I can barely function going out. Get dizzy feeling, confused really bad, really disconnected and like my head is being squeezed and feels heavy. I have panic often. I space out constantly. Ive had tests done. But i know theres no tests fot chemical imbalance. Ive had eeg and mri and ct. Any others suggested? I dont know if this is anxiety because every anxiety drug has not worked at all for me. I havent tried any anti psychotics but this is ruining my life.
Hard to go out, weird head pressure f... - Anxiety and Depre...
Hard to go out, weird head pressure feelings
I’m so sorry you are going through that. Sounds very tough. I pray you will get answers soon. What is said if it so far if you’ve explained the symptoms to any doctor?
How are you today Mike7777?
About the same. Just trying to hang in there. How about you
You are strong. I’m trying to be strong and compassionate towards myself but I keep feeling unworthy of good; lost. But we can make it. I think we are so much stronger than we tend to feel. I’ll try to focus on strengths and let myself feel the crap not struggle with it. But I’m so tired of feeling bad. Ok so I feel off and I keep worrying well it won’t last forever and I am okay even if I feel the crap. Best to you.
Let me know if there’s anything that is helping you? For me all I can manage is I decided to spend time by myself and doing deep breathing, watching a movie.

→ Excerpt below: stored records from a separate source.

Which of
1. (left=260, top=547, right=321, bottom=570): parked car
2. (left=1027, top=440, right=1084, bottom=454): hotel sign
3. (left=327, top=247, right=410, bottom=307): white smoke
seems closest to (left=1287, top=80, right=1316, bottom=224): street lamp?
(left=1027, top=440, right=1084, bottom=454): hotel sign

Why feel unworthy? Im not depressed at all, but these physical symptoms and anxiety are hard to deal with. Make it hard to do certain things. I still am not fully convinced its only anxiety as some of my symptoms occur as i wakeup at night or just really random.
I do hope you figure out what the symptoms are from.
I don’t know why I feel unworthy. I hope to figure that out. I always seem to come up with things like I’m not good enough. But maybe it’s illogical because I’m doing my best I think.
Just read your post and I could have written it about myself, I have all these nasty symptoms and like you have had many tests and they say it's all anxiety but I am not convinced. Like you have tried so many antidepressants but have stopped taking them because of side effects being so bad. I am afraid to go out because I'm scared of not being able to cope or losing control. Just wanted you to know you are not alone with this. Take care!
Thanks for commenting ward 146, how do you manage to work and stuff?
Mike7777 I am still struggling with the same issues as you describe. Had all kinds of test. Have you had a lumbar puncture? I have had three doctors tell me my Neuro may need to do this and my Neuro says no it’ll only make your head pressure worse and he feels it will be normal. But this does not feel right and debilitating almost, and it’s the symptoms that are making me feel all out of sorts anxious and all. I never suffered with any issues of like this prior two two years ago. So it doesn’t make sense to me why now am I getting this...they think is stress causing all this and says it falls under functional neurological disorder with these symptoms since they can’t find a organic cause. Doesn’t make sense.
Mike7777, have you tried breathing exercises? They may help.